_YOUR INSTRUCTIONS:_ Beginning with the line that contains "We're looking at", retype the entries below exactly, ending with the line that contains "In the office". Leave out any pictures.

_RECORDS SUPPLIED:_

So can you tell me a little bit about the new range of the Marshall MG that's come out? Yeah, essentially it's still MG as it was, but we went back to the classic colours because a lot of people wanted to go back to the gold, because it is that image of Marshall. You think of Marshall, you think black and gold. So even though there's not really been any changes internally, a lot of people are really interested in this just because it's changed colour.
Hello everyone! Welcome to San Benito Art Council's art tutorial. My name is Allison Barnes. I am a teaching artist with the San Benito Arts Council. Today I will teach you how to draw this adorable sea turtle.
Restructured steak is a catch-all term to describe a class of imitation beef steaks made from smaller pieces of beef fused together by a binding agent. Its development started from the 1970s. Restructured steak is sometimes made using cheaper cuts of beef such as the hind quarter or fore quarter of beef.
---
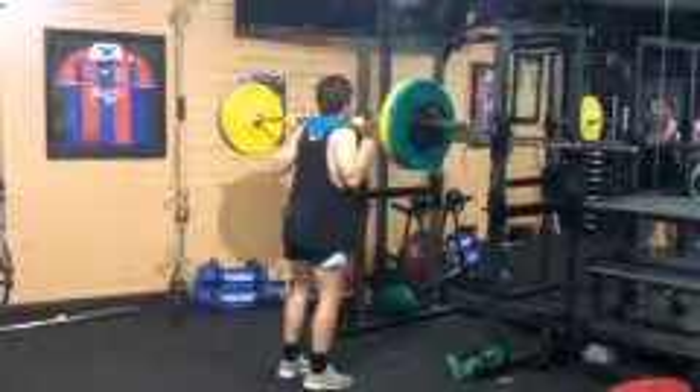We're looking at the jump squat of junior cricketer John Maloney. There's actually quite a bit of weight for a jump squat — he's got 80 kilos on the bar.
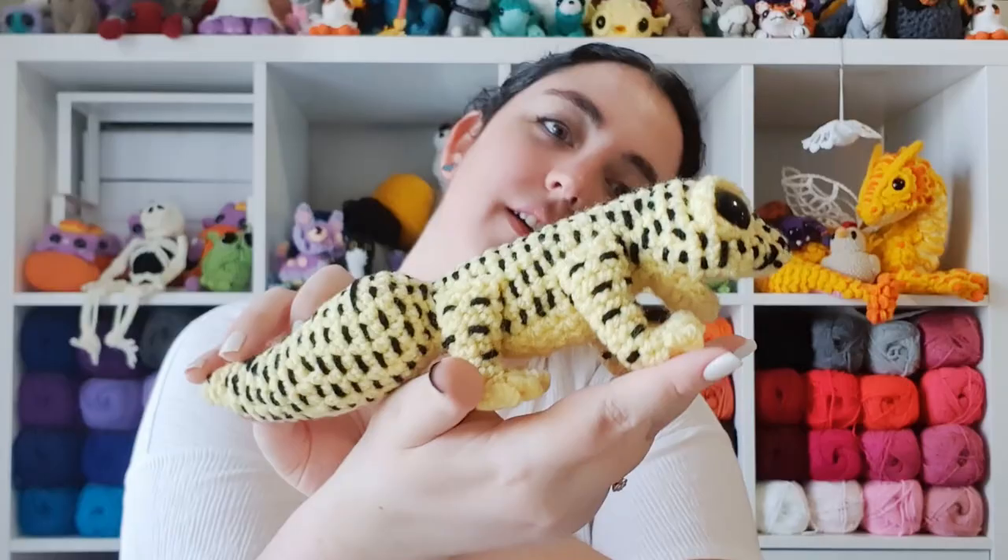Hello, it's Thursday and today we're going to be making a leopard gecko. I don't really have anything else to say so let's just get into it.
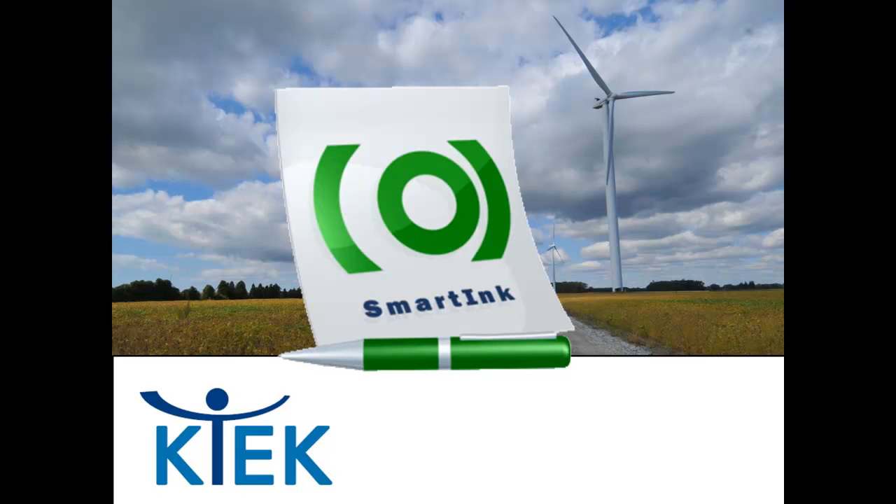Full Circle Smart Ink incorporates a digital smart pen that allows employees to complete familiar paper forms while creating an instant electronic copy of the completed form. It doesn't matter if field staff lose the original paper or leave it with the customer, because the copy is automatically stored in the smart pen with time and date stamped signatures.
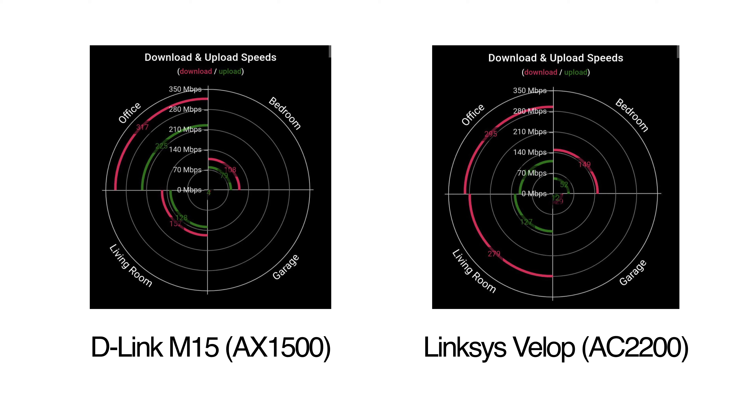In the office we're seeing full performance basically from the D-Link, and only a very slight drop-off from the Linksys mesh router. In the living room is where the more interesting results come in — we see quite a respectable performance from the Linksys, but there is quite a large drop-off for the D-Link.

_WRITTEN SOLUTION:_
We're looking at the jump squat of junior cricketer John Maloney. There's actually quite a bit of weight for a jump squat — he's got 80 kilos on the bar.
Hello, it's Thursday and today we're going to be making a leopard gecko. I don't really have anything else to say so let's just get into it.
Full Circle Smart Ink incorporates a digital smart pen that allows employees to complete familiar paper forms while creating an instant electronic copy of the completed form. It doesn't matter if field staff lose the original paper or leave it with the customer, because the copy is automatically stored in the smart pen with time and date stamped signatures.
In the office we're seeing full performance basically from the D-Link, and only a very slight drop-off from the Linksys mesh router. In the living room is where the more interesting results come in — we see quite a respectable performance from the Linksys, but there is quite a large drop-off for the D-Link.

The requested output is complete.